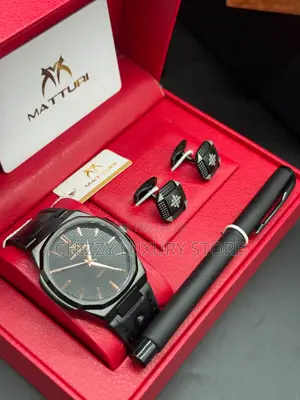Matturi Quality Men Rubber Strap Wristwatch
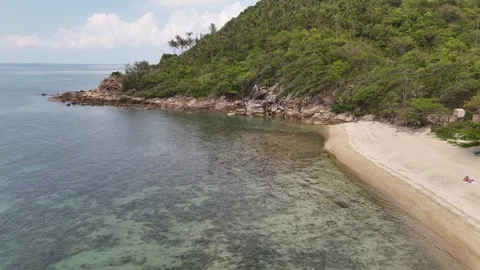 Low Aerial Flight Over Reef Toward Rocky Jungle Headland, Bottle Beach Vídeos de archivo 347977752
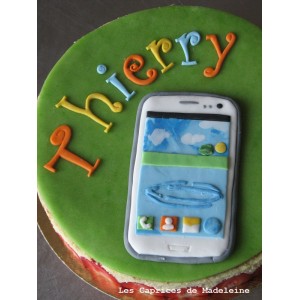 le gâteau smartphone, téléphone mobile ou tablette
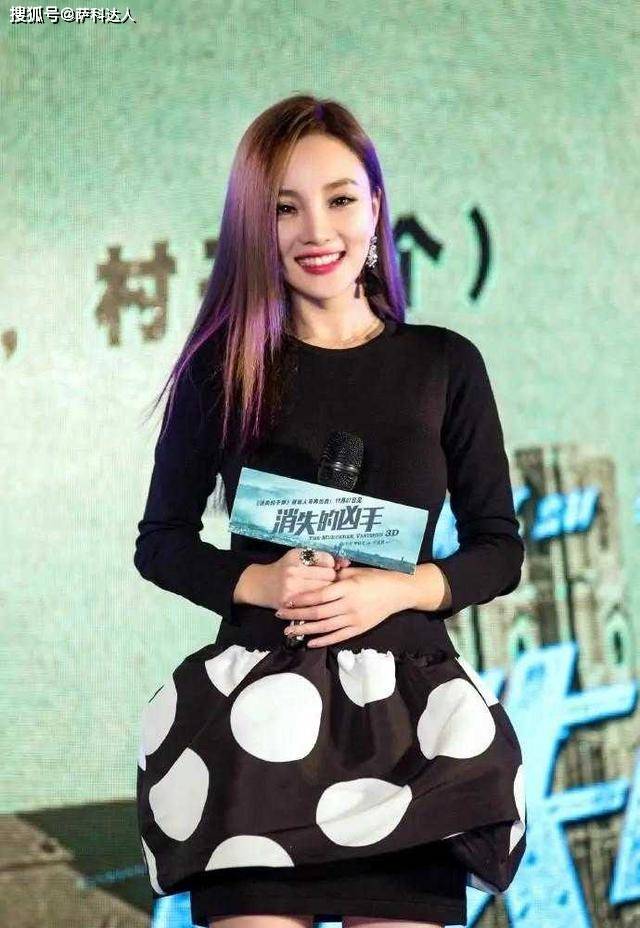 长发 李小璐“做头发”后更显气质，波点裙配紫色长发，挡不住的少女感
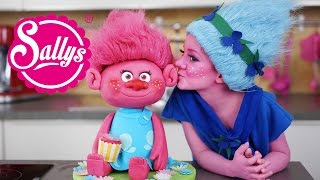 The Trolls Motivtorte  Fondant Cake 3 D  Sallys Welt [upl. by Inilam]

==

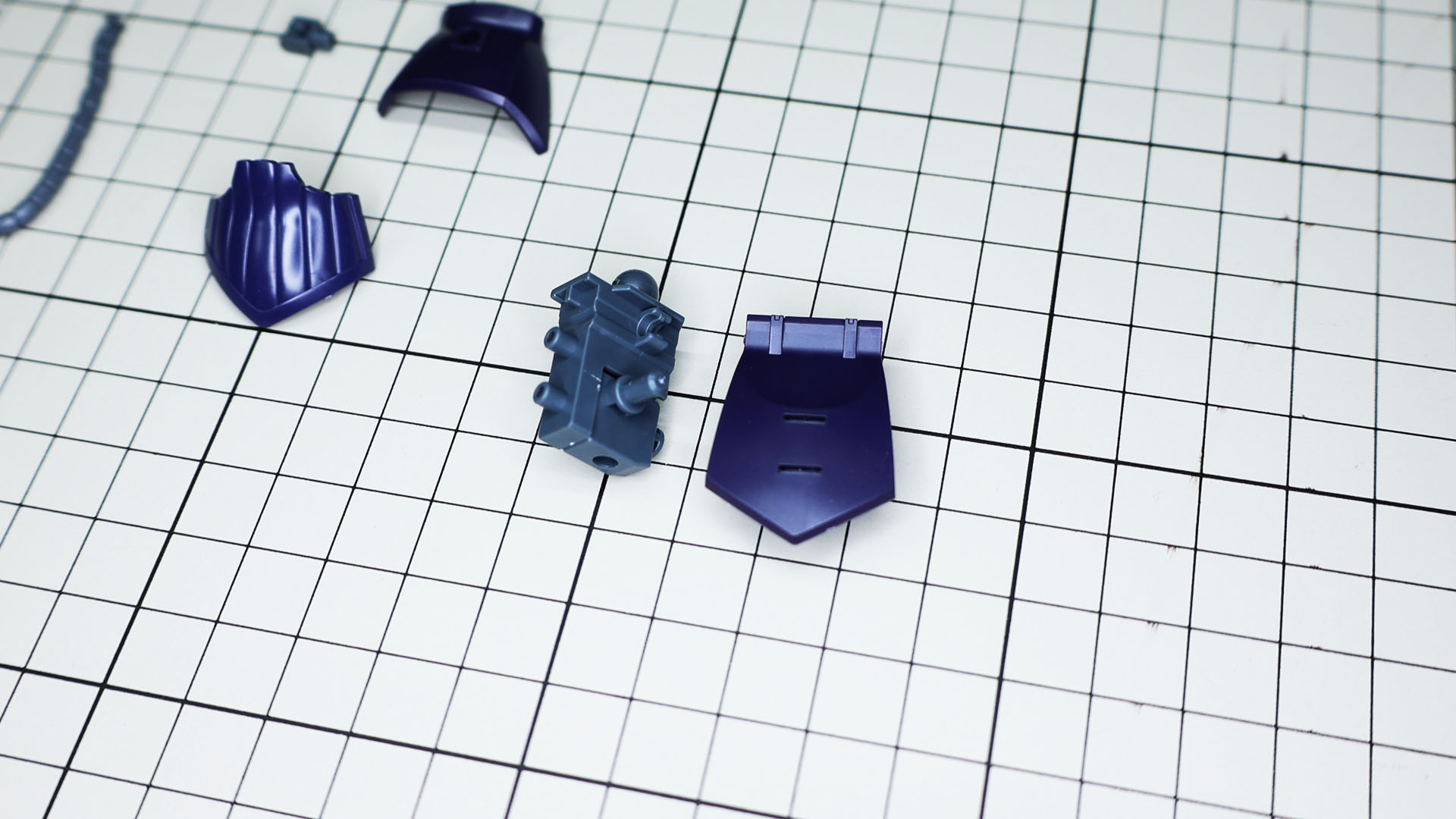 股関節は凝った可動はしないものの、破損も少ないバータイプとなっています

# Exercise goal
Copy the entries above exactly, but only the stretch from the line containing "le gâteau smartphone, téléphone" through the line containing "The Trolls Motivtorte". Keep both end lines; drop the pictures.

# Response
 le gâteau smartphone, téléphone mobile ou tablette
 长发 李小璐“做头发”后更显气质，波点裙配紫色长发，挡不住的少女感
 The Trolls Motivtorte  Fondant Cake 3 D  Sallys Welt [upl. by Inilam]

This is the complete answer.